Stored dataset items
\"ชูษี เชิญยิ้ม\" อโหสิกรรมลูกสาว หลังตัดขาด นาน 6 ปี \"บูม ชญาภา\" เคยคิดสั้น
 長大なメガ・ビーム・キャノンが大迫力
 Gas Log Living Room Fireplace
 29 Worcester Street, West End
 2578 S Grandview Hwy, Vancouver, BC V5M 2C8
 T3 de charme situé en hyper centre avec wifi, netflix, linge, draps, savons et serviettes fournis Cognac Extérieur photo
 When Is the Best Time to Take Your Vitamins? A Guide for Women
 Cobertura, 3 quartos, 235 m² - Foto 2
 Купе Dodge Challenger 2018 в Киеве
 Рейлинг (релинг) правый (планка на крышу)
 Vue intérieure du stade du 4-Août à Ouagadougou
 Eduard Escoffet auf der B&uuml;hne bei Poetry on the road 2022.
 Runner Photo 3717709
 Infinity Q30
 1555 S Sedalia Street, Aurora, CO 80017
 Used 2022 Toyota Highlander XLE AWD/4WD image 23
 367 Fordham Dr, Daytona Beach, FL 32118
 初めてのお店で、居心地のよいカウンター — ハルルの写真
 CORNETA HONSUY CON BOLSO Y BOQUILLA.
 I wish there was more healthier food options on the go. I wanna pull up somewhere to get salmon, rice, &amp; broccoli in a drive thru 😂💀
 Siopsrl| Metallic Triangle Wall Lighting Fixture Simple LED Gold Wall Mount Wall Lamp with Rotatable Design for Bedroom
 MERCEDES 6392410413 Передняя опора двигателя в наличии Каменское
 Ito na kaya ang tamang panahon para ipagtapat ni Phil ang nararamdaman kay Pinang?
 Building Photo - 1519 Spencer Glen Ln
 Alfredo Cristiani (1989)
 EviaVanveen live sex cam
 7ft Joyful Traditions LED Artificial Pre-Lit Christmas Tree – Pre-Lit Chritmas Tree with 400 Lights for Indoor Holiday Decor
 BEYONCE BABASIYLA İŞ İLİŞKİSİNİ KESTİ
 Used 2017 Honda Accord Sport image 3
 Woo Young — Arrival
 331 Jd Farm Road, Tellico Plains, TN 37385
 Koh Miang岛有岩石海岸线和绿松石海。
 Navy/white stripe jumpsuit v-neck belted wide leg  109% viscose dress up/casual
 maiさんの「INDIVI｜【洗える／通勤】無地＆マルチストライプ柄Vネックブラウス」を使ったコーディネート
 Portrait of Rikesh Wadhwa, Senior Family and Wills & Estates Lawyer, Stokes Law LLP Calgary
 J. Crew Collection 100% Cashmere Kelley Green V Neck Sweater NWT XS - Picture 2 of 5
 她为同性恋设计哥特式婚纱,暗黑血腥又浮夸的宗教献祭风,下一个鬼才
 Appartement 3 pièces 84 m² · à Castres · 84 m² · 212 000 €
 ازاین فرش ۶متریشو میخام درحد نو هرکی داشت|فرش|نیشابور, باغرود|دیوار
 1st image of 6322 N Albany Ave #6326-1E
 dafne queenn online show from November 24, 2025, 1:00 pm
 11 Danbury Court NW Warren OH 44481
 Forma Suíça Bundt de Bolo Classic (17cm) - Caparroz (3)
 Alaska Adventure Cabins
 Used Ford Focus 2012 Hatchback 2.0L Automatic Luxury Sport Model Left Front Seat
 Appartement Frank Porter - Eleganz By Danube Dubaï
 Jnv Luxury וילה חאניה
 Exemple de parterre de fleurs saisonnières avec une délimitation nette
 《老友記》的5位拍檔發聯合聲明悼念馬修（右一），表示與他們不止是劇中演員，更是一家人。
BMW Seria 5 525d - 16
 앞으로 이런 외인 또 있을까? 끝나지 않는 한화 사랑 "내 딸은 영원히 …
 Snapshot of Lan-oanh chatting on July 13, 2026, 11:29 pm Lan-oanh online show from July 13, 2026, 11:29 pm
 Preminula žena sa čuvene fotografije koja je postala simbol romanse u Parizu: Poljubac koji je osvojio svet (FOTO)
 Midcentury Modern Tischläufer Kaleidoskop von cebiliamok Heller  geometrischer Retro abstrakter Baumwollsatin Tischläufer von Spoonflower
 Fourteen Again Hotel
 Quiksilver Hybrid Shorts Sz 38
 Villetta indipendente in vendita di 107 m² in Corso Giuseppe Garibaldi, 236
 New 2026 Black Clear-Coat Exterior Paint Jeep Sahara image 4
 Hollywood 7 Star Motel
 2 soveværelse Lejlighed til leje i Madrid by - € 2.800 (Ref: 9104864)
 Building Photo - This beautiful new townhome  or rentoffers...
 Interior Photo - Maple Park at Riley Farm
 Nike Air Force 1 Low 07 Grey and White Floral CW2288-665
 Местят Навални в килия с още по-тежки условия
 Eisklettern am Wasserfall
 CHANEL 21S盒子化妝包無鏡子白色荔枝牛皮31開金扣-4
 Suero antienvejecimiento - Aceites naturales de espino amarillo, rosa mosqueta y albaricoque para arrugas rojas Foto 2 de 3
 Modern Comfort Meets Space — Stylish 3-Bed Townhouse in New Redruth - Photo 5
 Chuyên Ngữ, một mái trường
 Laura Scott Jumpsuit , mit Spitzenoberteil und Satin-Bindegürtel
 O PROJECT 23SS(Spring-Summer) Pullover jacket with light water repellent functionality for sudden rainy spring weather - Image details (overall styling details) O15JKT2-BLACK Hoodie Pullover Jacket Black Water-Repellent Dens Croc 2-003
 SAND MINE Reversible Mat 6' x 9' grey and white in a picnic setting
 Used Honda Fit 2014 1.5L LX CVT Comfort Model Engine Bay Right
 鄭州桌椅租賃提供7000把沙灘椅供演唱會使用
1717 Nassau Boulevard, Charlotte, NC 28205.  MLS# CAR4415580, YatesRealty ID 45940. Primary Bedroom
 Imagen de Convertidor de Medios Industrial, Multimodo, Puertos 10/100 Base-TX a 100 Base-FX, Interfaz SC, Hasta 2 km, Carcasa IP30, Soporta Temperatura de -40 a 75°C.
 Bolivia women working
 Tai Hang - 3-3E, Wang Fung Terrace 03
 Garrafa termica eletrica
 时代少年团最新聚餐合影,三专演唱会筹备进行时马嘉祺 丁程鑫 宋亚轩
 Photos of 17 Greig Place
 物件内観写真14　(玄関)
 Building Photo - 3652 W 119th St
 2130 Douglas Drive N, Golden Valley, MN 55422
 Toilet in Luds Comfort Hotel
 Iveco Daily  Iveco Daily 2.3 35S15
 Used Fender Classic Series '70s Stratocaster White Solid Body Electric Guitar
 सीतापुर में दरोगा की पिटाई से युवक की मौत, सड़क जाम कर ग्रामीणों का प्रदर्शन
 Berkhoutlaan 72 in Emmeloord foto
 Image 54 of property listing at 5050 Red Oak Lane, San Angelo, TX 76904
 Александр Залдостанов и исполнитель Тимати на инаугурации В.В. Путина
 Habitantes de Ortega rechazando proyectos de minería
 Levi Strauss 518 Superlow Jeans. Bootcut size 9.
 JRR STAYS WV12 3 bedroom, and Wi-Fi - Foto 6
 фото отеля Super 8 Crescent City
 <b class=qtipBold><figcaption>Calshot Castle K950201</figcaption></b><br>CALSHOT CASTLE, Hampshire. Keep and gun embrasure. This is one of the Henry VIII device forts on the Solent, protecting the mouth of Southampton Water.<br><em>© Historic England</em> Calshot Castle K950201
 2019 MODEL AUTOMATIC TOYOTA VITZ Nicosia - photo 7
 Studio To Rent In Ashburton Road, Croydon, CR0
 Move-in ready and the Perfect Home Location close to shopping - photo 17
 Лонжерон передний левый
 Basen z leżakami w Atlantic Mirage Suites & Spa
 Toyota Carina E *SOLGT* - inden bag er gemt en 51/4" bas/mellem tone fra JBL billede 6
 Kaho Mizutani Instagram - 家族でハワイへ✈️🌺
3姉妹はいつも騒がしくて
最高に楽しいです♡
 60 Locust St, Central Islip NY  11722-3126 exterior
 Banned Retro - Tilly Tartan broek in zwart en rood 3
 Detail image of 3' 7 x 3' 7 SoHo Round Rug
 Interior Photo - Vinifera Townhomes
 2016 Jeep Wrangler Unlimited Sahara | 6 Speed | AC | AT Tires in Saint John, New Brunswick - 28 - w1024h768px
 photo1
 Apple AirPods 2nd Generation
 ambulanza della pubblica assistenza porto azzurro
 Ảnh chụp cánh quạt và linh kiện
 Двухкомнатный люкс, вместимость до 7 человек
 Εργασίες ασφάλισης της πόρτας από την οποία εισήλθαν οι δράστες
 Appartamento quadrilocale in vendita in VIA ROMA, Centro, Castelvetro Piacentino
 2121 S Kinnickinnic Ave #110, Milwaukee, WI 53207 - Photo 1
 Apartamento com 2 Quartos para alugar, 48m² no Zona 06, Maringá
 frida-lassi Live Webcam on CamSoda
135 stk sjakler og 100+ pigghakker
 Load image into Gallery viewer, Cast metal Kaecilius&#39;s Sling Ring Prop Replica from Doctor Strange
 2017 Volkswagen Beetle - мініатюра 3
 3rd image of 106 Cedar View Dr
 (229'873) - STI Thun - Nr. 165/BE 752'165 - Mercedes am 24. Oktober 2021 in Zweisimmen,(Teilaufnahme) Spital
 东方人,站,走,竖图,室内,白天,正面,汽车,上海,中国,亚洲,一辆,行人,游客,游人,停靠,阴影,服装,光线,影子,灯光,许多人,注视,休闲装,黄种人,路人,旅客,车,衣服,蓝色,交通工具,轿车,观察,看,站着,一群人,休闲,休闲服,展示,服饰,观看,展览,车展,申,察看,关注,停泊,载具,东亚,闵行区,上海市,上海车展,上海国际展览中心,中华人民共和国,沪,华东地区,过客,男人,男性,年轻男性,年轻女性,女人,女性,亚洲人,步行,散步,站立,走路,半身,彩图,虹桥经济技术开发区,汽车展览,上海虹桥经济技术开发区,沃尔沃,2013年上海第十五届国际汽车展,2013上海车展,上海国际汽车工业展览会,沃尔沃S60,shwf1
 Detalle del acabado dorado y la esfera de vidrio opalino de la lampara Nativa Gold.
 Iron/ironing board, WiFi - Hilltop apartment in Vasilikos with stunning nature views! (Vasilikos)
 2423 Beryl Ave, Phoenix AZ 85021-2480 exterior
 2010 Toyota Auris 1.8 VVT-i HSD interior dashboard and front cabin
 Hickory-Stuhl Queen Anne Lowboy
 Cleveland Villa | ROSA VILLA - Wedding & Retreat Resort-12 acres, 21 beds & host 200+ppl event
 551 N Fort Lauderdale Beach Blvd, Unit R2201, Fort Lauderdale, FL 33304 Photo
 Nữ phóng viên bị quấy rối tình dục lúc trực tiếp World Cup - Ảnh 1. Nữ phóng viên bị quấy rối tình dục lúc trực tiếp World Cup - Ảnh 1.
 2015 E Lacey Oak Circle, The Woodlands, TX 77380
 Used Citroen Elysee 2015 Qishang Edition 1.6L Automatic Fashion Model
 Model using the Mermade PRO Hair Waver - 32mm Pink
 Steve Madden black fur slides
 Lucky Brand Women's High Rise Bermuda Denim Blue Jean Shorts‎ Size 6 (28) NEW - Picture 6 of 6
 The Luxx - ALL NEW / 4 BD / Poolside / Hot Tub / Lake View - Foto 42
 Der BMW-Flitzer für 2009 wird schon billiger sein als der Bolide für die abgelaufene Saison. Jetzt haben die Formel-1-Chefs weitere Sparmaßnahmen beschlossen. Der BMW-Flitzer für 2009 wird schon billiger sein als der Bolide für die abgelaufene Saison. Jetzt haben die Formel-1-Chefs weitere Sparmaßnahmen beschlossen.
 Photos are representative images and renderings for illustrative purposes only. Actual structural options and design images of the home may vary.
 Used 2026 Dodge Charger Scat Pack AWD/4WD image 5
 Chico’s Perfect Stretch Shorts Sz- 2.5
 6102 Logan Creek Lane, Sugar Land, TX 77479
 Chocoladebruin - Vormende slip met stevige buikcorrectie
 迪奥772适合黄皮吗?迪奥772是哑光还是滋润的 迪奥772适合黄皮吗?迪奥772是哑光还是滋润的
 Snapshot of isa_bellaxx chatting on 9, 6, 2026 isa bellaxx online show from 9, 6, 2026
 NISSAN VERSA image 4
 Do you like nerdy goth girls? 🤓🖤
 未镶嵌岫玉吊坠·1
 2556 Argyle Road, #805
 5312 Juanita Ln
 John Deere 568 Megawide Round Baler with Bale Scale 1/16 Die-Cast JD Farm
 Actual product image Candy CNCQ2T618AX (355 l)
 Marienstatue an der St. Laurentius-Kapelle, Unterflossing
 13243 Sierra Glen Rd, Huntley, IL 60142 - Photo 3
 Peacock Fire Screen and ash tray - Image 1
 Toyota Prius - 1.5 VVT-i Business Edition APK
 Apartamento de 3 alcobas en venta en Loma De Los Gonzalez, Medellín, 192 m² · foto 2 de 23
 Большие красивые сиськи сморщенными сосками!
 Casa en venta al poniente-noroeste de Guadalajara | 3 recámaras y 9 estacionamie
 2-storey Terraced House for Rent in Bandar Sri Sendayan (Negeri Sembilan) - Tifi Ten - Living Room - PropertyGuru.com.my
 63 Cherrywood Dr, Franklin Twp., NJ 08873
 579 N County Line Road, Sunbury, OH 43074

**TASK DIRECTIONS**
Please transcribe the records exactly from their first line through the line holding "2578 S Grandview Hwy, Vancouver, BC V5M 2C8", and leave out all others.

**COMPLETED EXERCISE**
\"ชูษี เชิญยิ้ม\" อโหสิกรรมลูกสาว หลังตัดขาด นาน 6 ปี \"บูม ชญาภา\" เคยคิดสั้น
 長大なメガ・ビーム・キャノンが大迫力
 Gas Log Living Room Fireplace
 29 Worcester Street, West End
 2578 S Grandview Hwy, Vancouver, BC V5M 2C8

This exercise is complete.